Brief descriptive captions

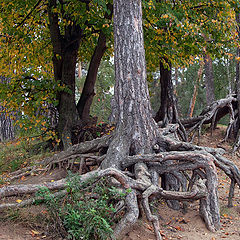 photo "old pines"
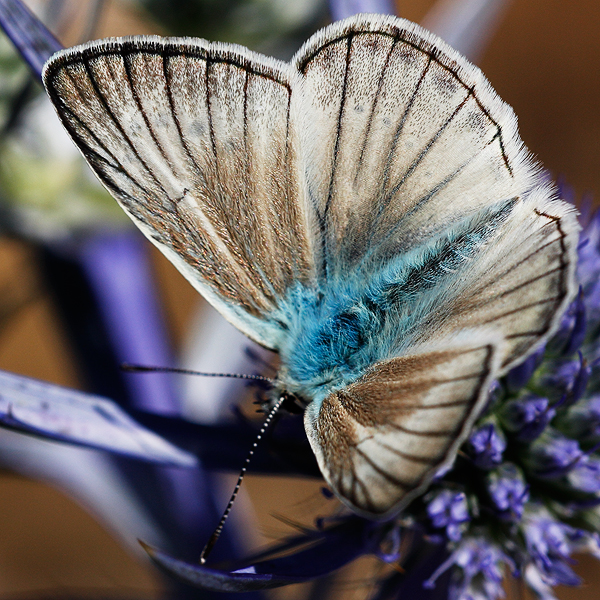 Polyommatus virgilius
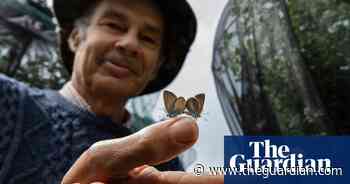 How maverick rewilders are trying to turn back the tide of extinction – podcast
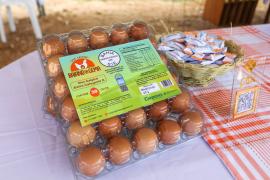 Lançamento Ovos Pintadas (2).jpeg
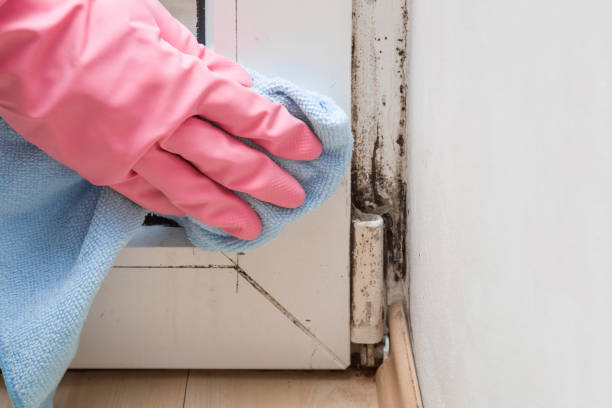 Best Residential Mold Removal  in Bourbon, MO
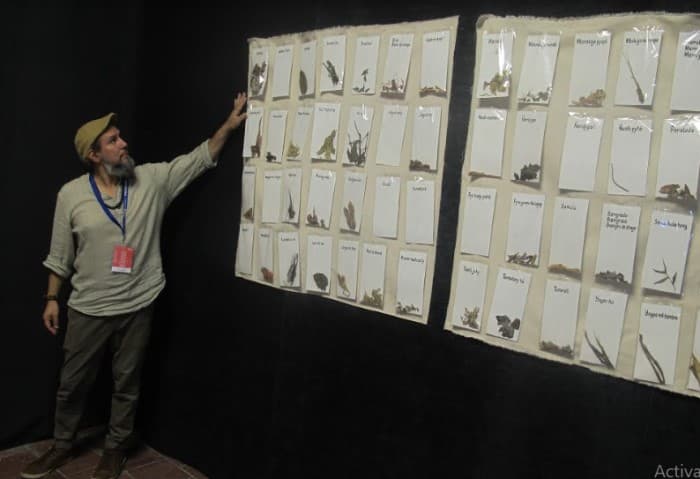 Artista paraguayo presenta obra en Bienal de la Habana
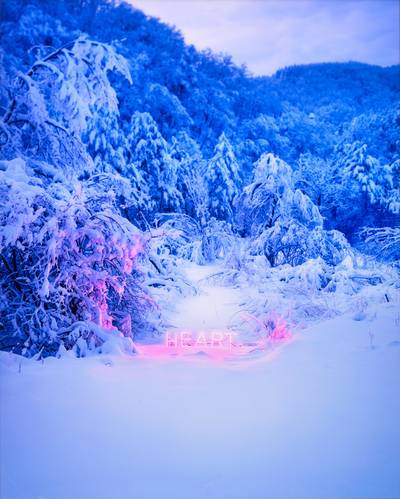 Paris, Cathédrale Notre-Dame from FACADES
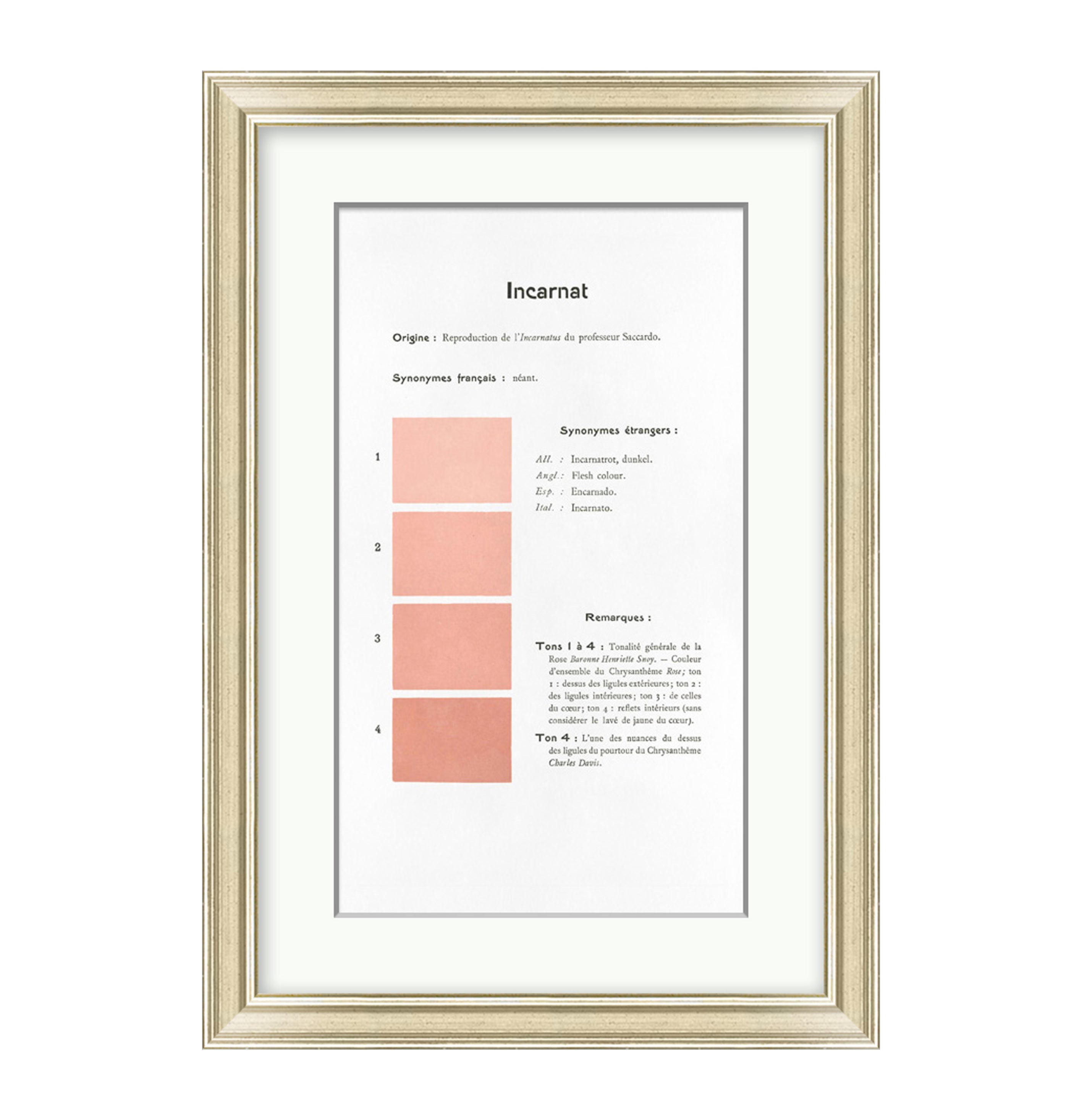 Danielle Rollins French Historical Color Analysis Collection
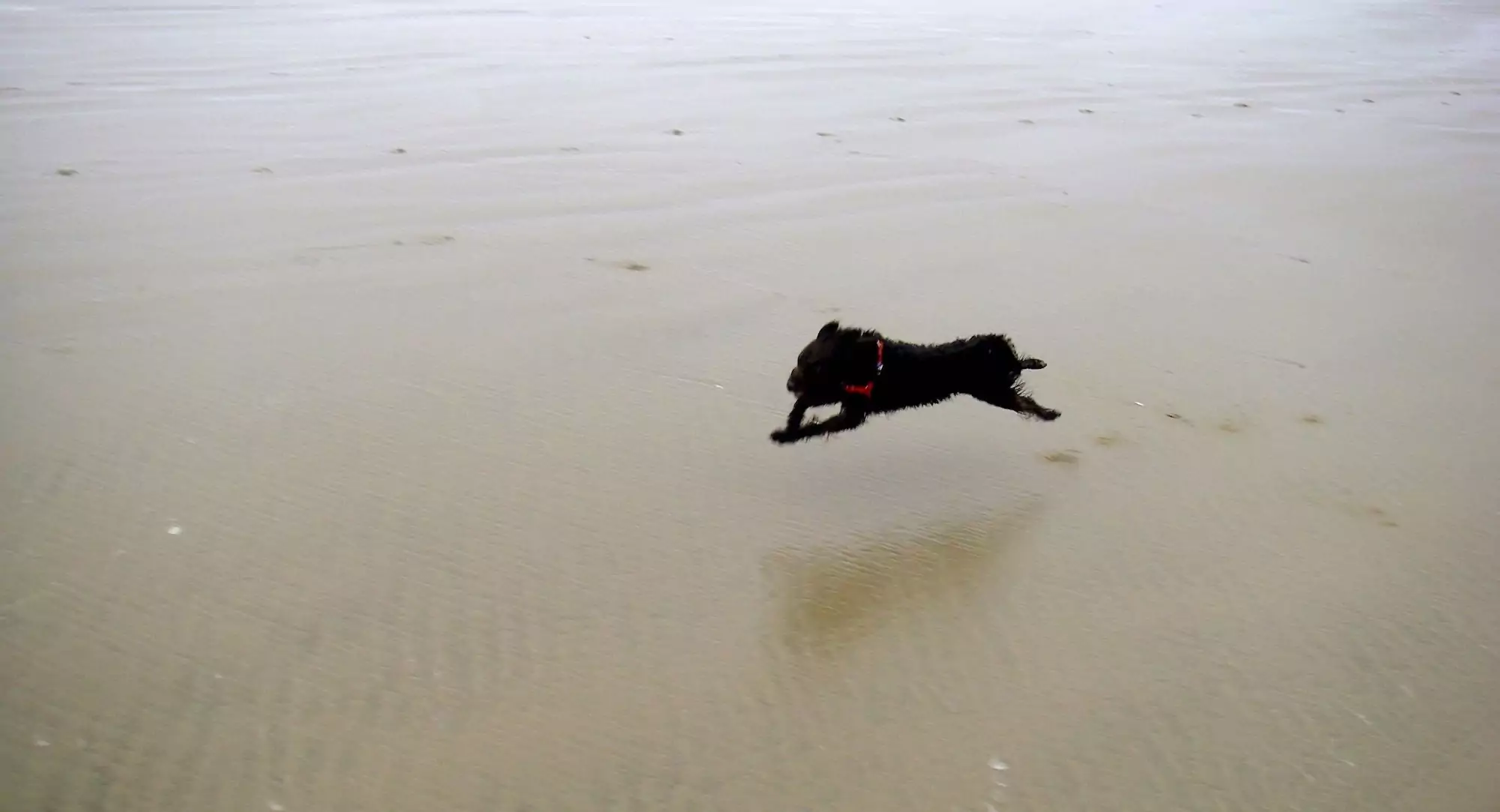 New Energy and an End to Skin Issues for a Super Senior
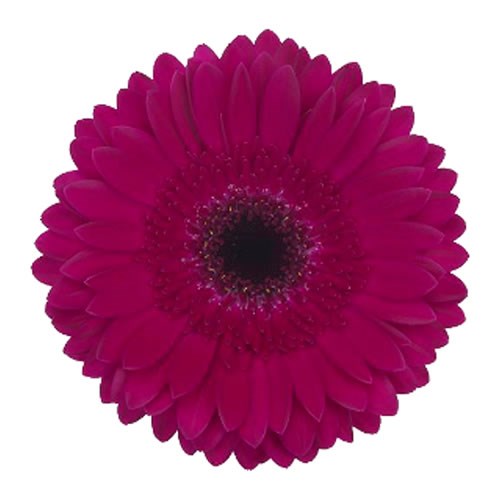 GERBERA PASSOA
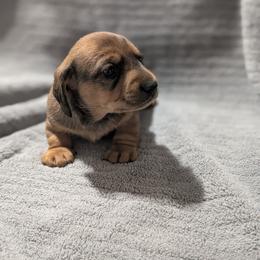 Zeus - Red male Dachshund puppy in Spring Hope, North Carolina from Hogan’s Lowrider Hounds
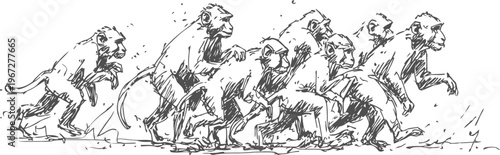 evolution of monkey to early human hand drawn progression showing growth and transformation stages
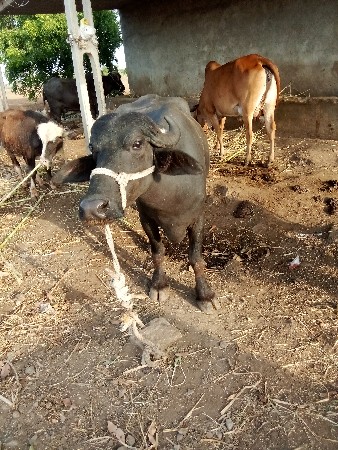 પેલા વેતરની ખડેલી વેચવાની છે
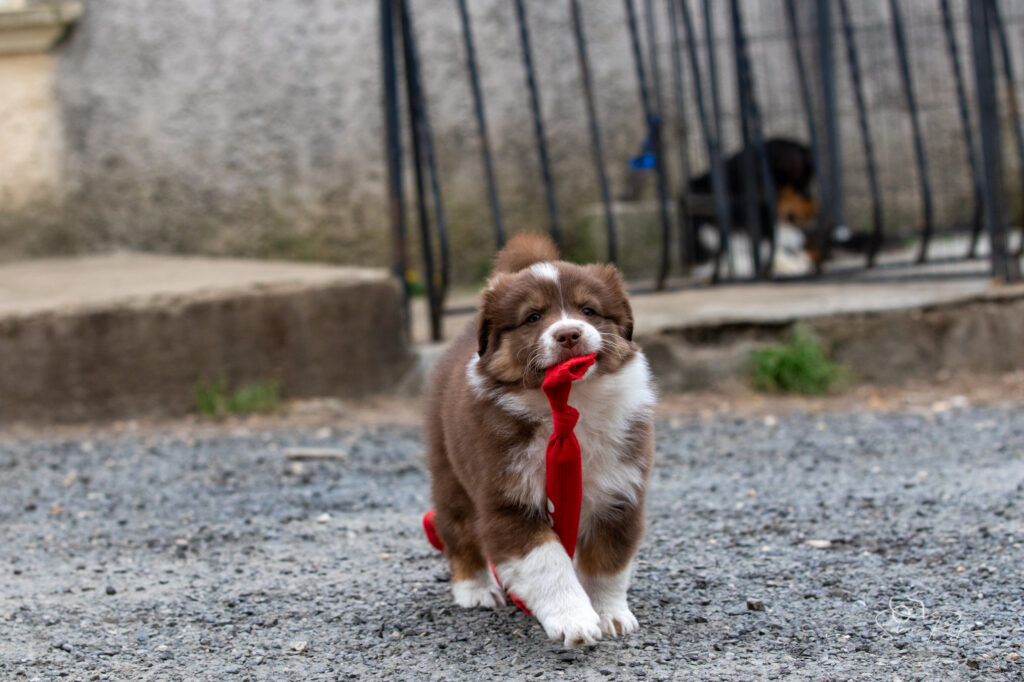 Chiot berger australien rouge tricolore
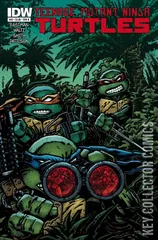 Variant Cover for Teenage Mutant Ninja Turtles #43
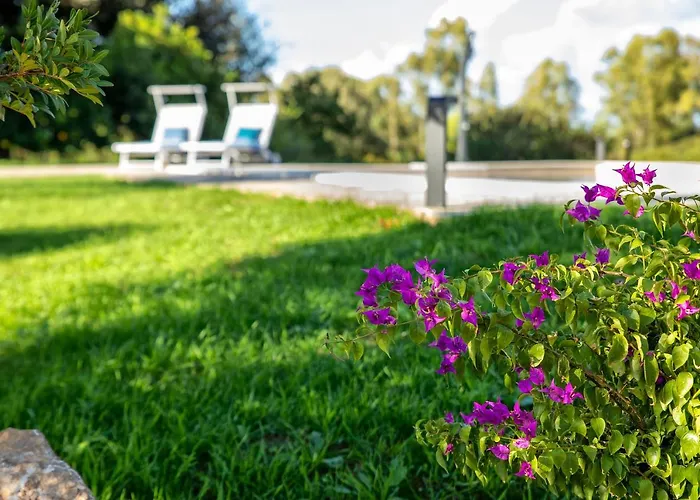 Sardinia Re - Gialla *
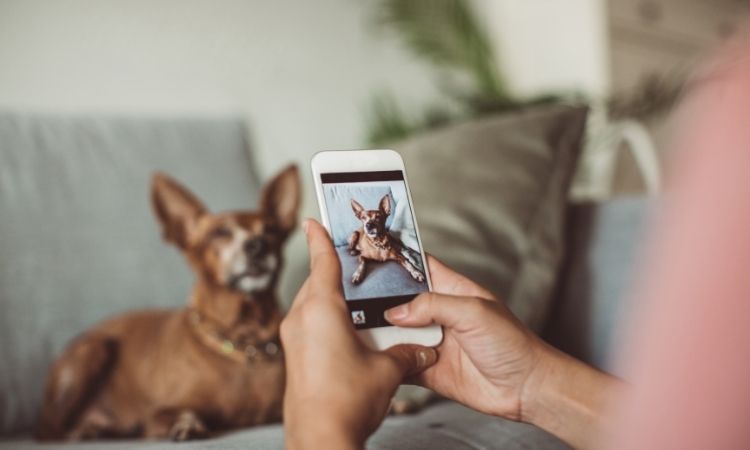 Pet Tech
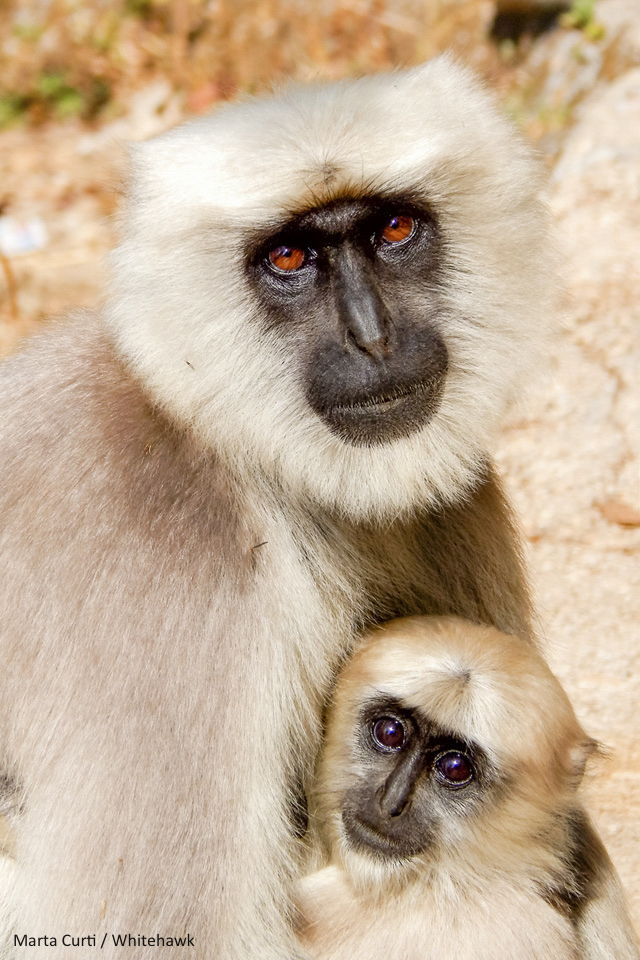 Southern Plains Gray Langur India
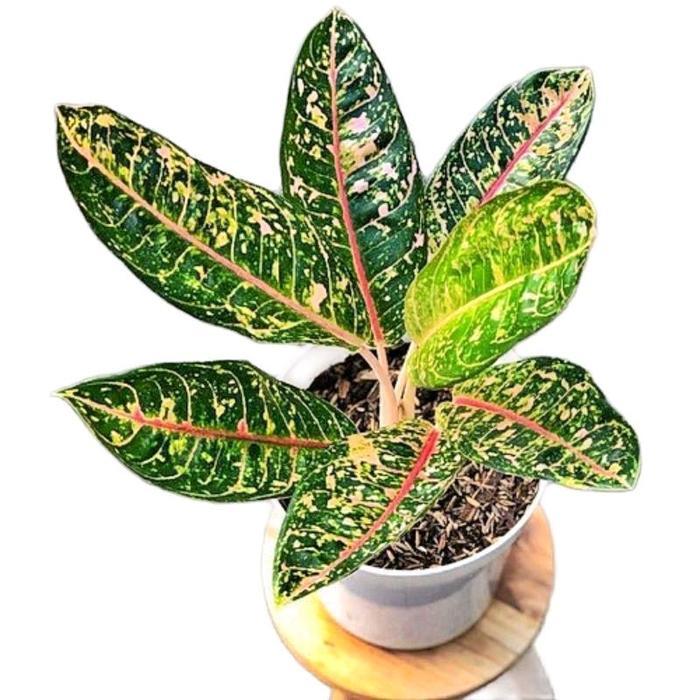 "New" paket 3 aglonema tanamanhias aglonema -aglonema rotundum aceh - aglonema lipstik merah aurora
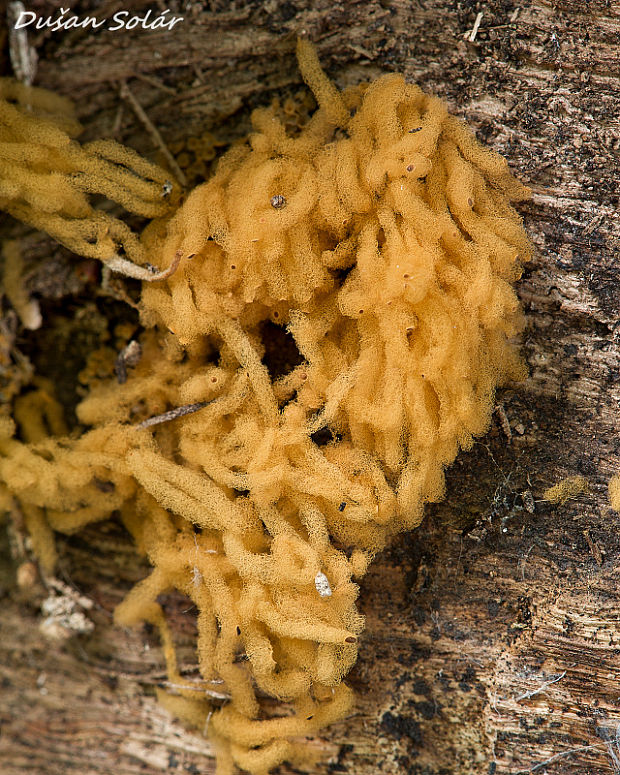 mištička ovisnutá Arcyria nutans (Bull.) Grev.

ABOUT THIS EXERCISE:
Without including the pictures, reproduce all entries exactly.

RESPONSE:
 photo "old pines"
 Polyommatus virgilius
 How maverick rewilders are trying to turn back the tide of extinction – podcast
 Lançamento Ovos Pintadas (2).jpeg
 Best Residential Mold Removal  in Bourbon, MO
 Artista paraguayo presenta obra en Bienal de la Habana
 Paris, Cathédrale Notre-Dame from FACADES
 Danielle Rollins French Historical Color Analysis Collection
 New Energy and an End to Skin Issues for a Super Senior
 GERBERA PASSOA
 Zeus - Red male Dachshund puppy in Spring Hope, North Carolina from Hogan’s Lowrider Hounds
 evolution of monkey to early human hand drawn progression showing growth and transformation stages
 પેલા વેતરની ખડેલી વેચવાની છે
 Chiot berger australien rouge tricolore
 Variant Cover for Teenage Mutant Ninja Turtles #43
 Sardinia Re - Gialla *
 Pet Tech
 Southern Plains Gray Langur India
 "New" paket 3 aglonema tanamanhias aglonema -aglonema rotundum aceh - aglonema lipstik merah aurora
 mištička ovisnutá Arcyria nutans (Bull.) Grev.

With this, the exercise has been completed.